== Information supplied ==
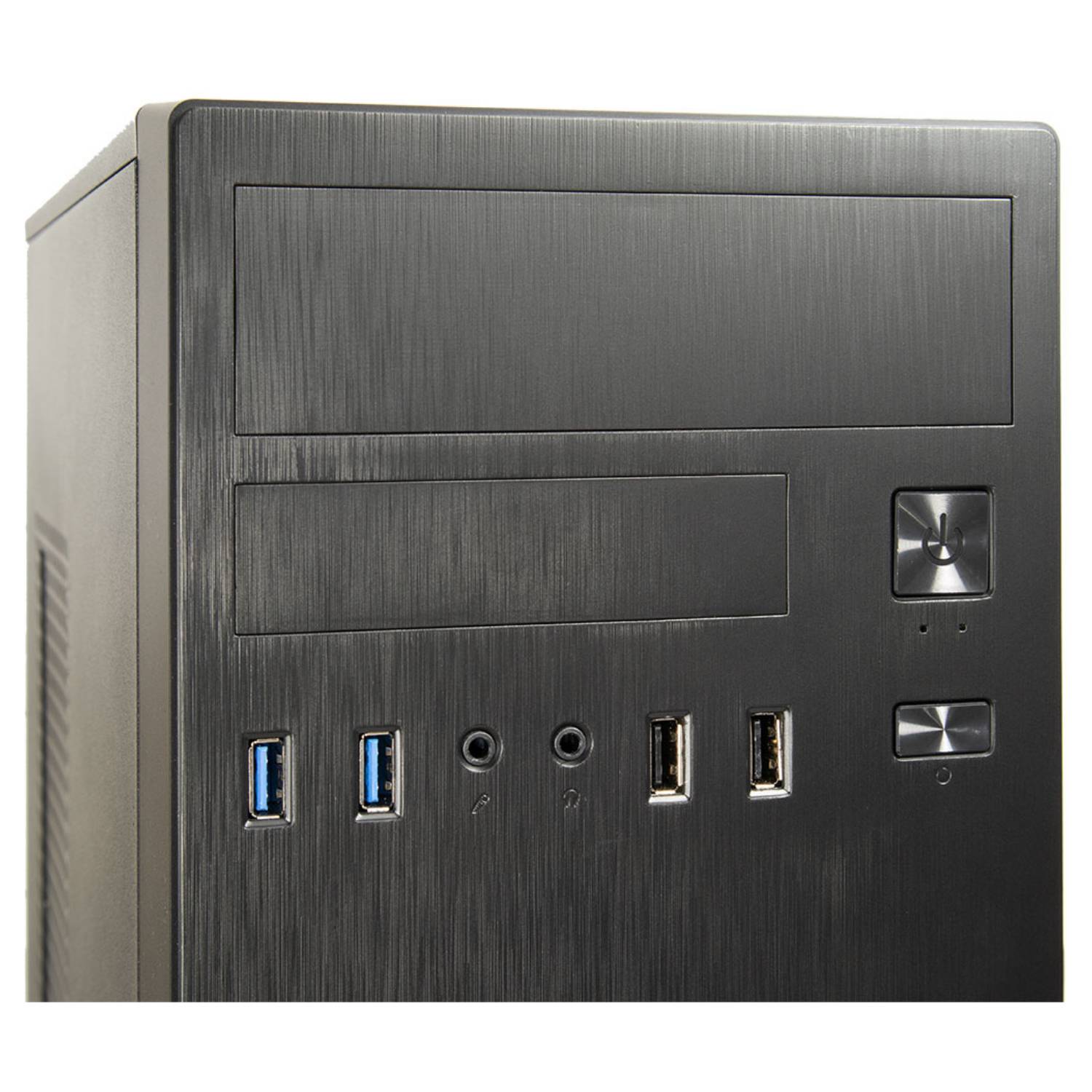 Inter-Tech IT-2812 Business Tower ATX ohne Netzteil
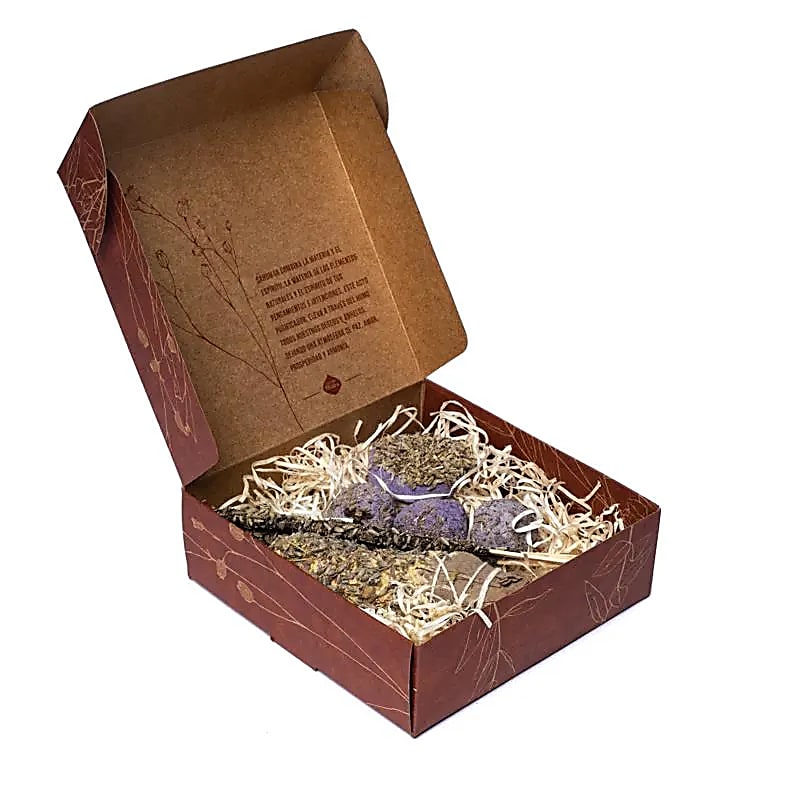 Sagrada Madre Kit de regalo inciensos Relax y Armonía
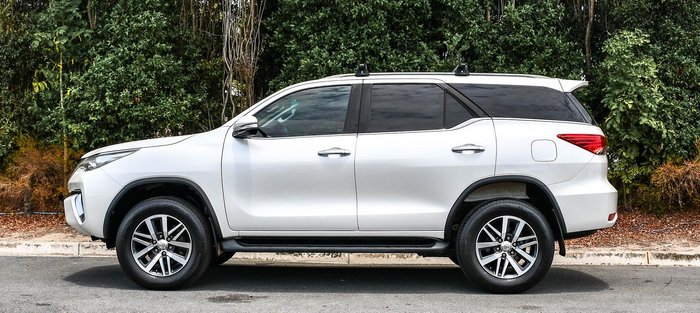 2015 Toyota Fortuner Crusade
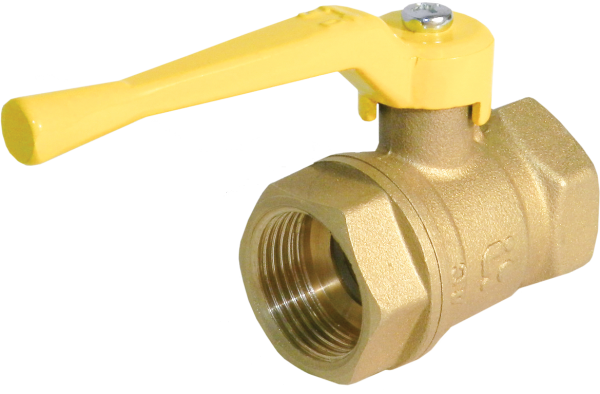 Кран ГАЗ 11б27п Ду 20 муфта/муфта "рычаг"   (серия - ГОСТ)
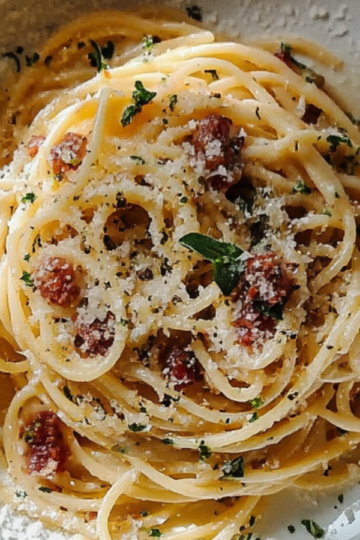 Spaghetti alla Gricia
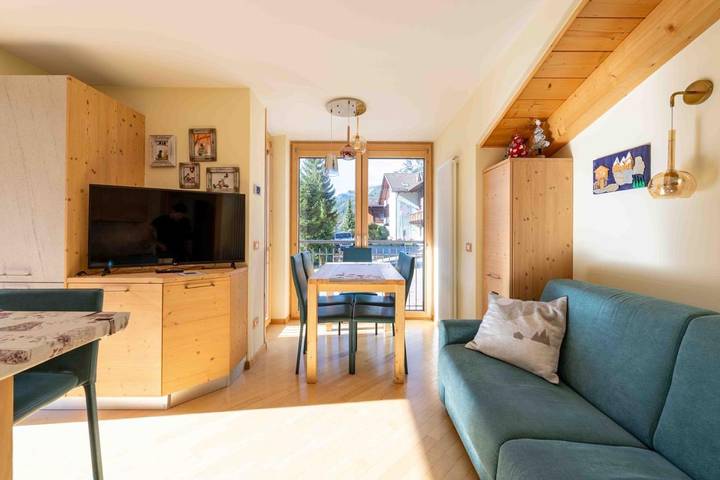 Villa voor 5 personen, met uitzicht en balkon in de Dolomieten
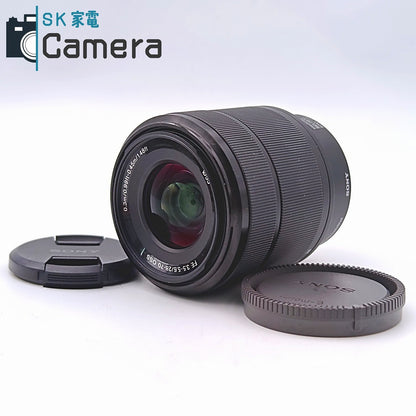【中古】 SONY FE 28-70ｍｍ F3.5-5.6 OSS SEL2870 ソニー キャップ付 良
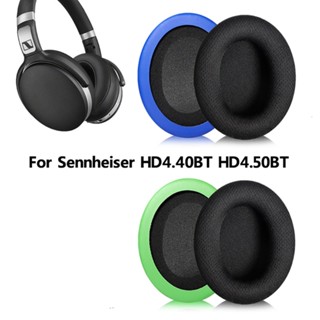 Ev แผ่นฟองน้ํารองหูฟัง ระบายอากาศ แบบเปลี่ยน สําหรับ HD4 50BTNC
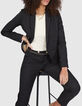 Veste de costume noir jacquard I.Code-2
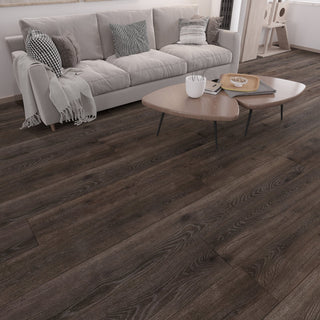 Raw Umber spc by Montserrat Floors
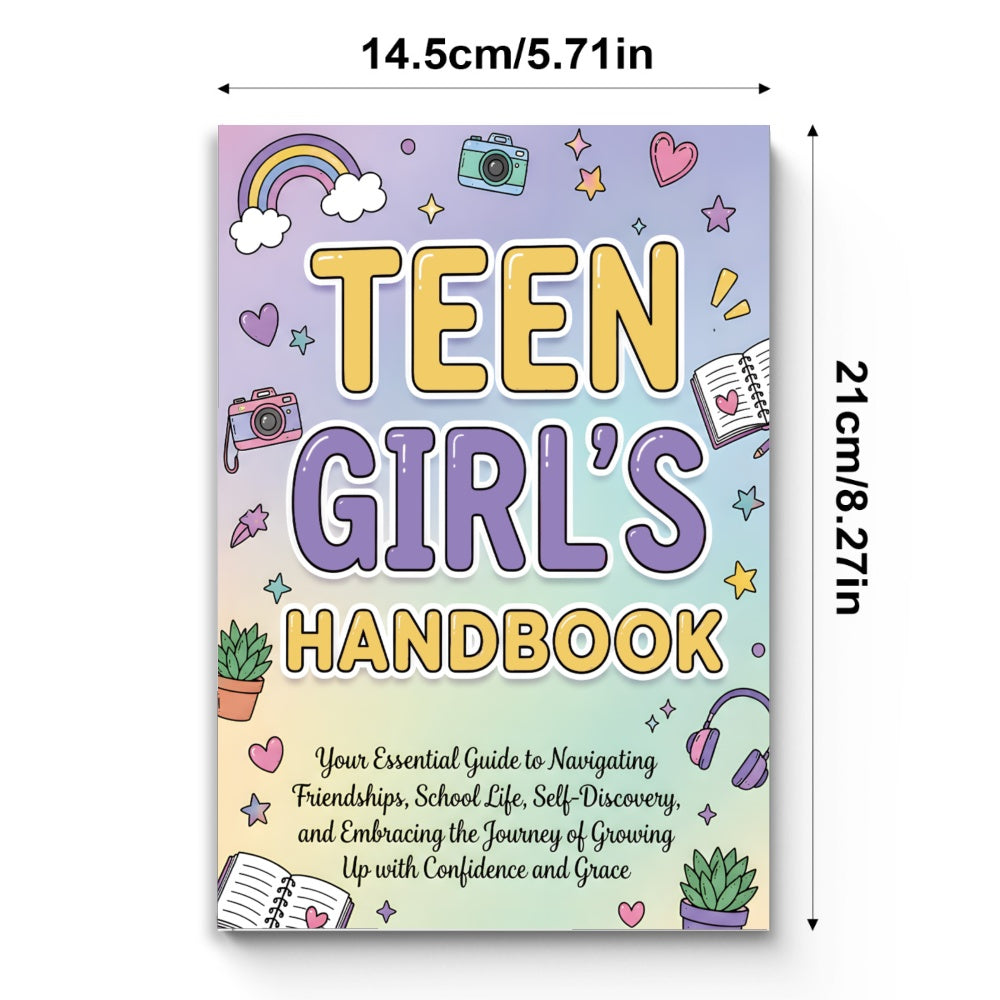 The Girls' Handbook - Confidence and Life Skills Book 3 physical printed book product image 5, ISBN 9798904662608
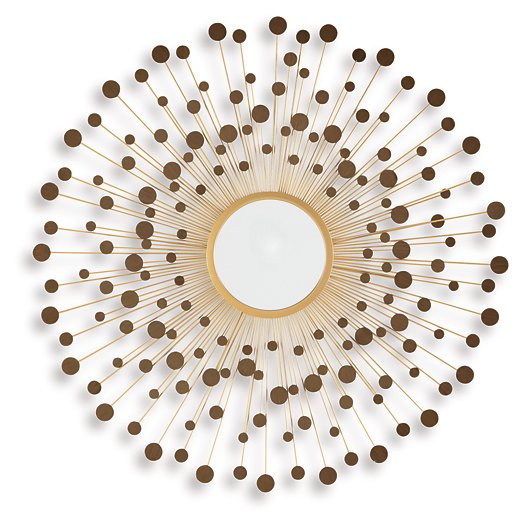 Morwenna Accent Mirror - Romeo & Juliet Furniture (Warren,MI)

== The task ==
Omitting all pictures, restate word for word the lines from the one containing "Ev แผ่นฟองน้ํารองหูฟัง ระบายอากาศ" through the last line of the data.

== Exercise solution ==
 Ev แผ่นฟองน้ํารองหูฟัง ระบายอากาศ แบบเปลี่ยน สําหรับ HD4 50BTNC
 Veste de costume noir jacquard I.Code-2
 Raw Umber spc by Montserrat Floors
 The Girls' Handbook - Confidence and Life Skills Book 3 physical printed book product image 5, ISBN 9798904662608
 Morwenna Accent Mirror - Romeo & Juliet Furniture (Warren,MI)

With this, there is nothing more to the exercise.